Reflexiones tras dos
viajes en metro y un bocadillo de tortilla.
Ayer, al coger el metro
y entrar en el vagón, me encontré de bruces con una guitarra que acompañada por
un estridente altavoz intentaba interpretar unos acordes que las manos que la
tocaban no eran capaces de compaginar con la música.
Mire a la cara a la que
conducían aquellas manos y me di cuenta que aquella persona debía tener la
misma edad que yo y estaba allí porque no podía hacer otra cosa. Y sentí pena,
pero no una pena de compasión, no, una pena profunda por una sociedad que
navega cada vez mas y mas dispersa y con modos egoístas.

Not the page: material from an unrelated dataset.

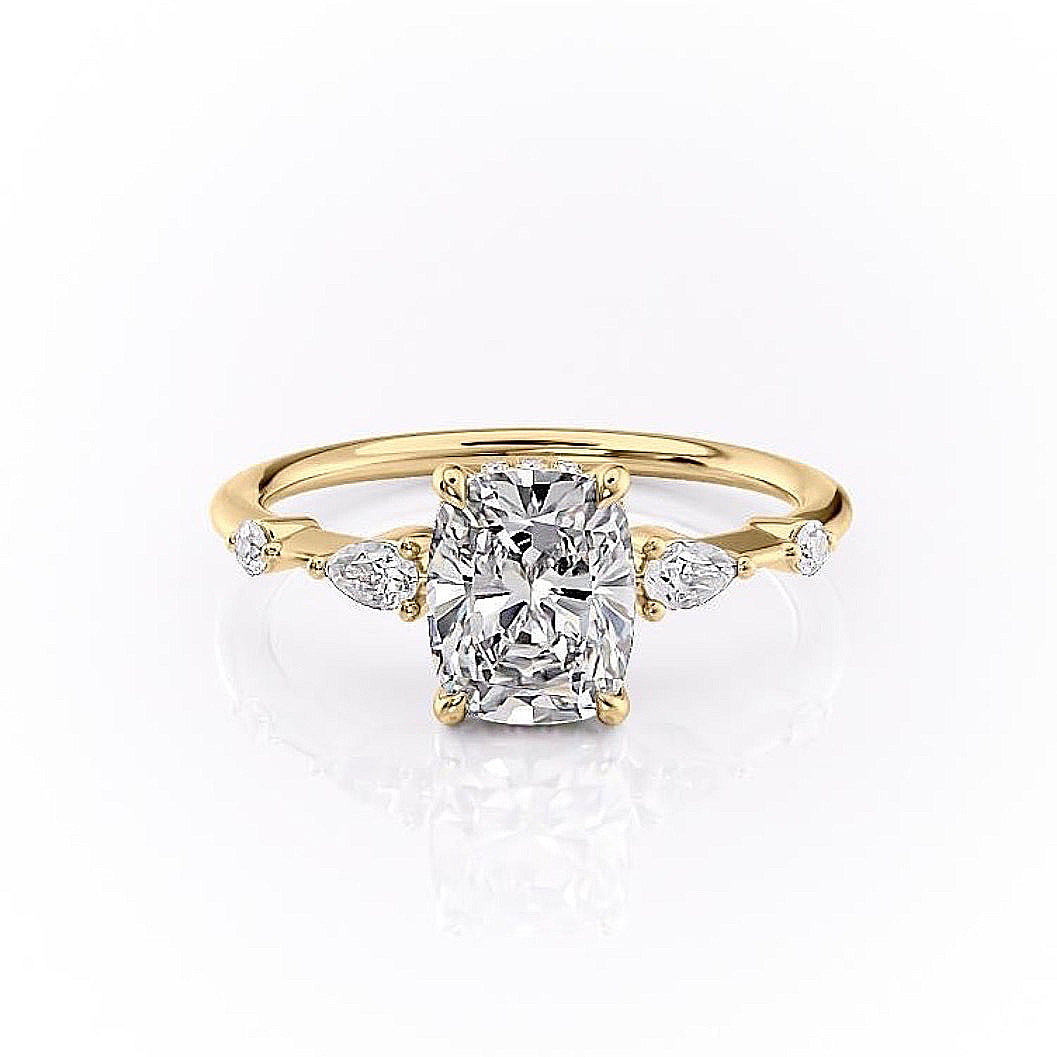 The Luna — Elongated Cushion Lab Diamond Pavé Shoulder Secret Halo Ring IV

Me dejó marcado. Tuve la sensación que un cardo rasgaba mi interior y me clavaba sus pinchos.
Y a la vuelta una flauta
intentaba interpretar fragmentos de las Cuatro estaciones de Vivaldi
transformándolas en todo, menos en lo que realmente eran, acompañadas por una
especie rara de aparato que producía una música algo metálica. Y mire también a los ojos de aquel hombre, también
mayor, y pude comprobar la angustia. Y volví a sentir pena, pero no por el
hombre que ya la lleva consigo permanentemente, si no por la indiferencia que
había en el vagón. Solo una señora seguía con atención la pobre música que
salía de aquellos labios a través de la flauta.
Y lo que me termino
hundir moralmente fue que el único euro que llevaba en el bolsillo, me lo había
gastado en un mísero bocadillo de tortilla, que ya había empezado, y que
envolví de nuevo en el celofán y lo guarde en el bolsillo, para que el delgado
flautista no me viera comérmelo.
A mí no me hacía falta
haberme comprado aquel bocadillo y a aquel flautista le hacía falta no solo el
bocadillo, sino también el euro.
Si, ya se que cada uno
de nosotros no podemos ser el estado o una sociedad benéfica, pero deberíamos
pensar mas y no escurrir el bulto, hacia dónde camina una sociedad cada vez más
injusta con los que no han tenido suerte, con los que les falta lo esencial. Y
no queremos mirar porque en el fondo tenemos pánico que nos pase lo mismo que
al guitarrista o al flautista; tenemos miedo, creo que esa es la razón
fundamental. Por lo menos a mí, y no me asusta decirlo, me da pánico tener que
coger un instrumento o un cartel y ponerme a pedir por la calle.
Y aunque se sabe que
entre todos ellos hay mucha mafia y mucho pedigüeño ficticio que se aprovecha
de la miseria de los demás, lo cierto es que en muchos ojos se ve el
sufrimiento y la miseria.
Y pienso, que de aquí
en adelante, cuando pase por el puesto de bocadillos a un euro de la estación
del metro, me vendrá siempre a la memoria el flautista y el bocadillo guardado
en el bolsillo.
Sed felices.
Antonio
En ocasiones me he preguntado cómo serían las fotos que Antonio Banús haría a la gente, a las personas. Sus paisajes, sus flores, sus insectos, sus castillos e iglesias, sus cielos brillantes o nublados desvelan cómo es capaz de mirar la mirada humana, con la delicadeza de quien no trata de importunar a la vida en su discurrir. Sería la misma mirada con que miraría a la mujer, al hombre a quien mirara a través del objetivo de su cámara. Una mirada que delataría al otro que nos ve.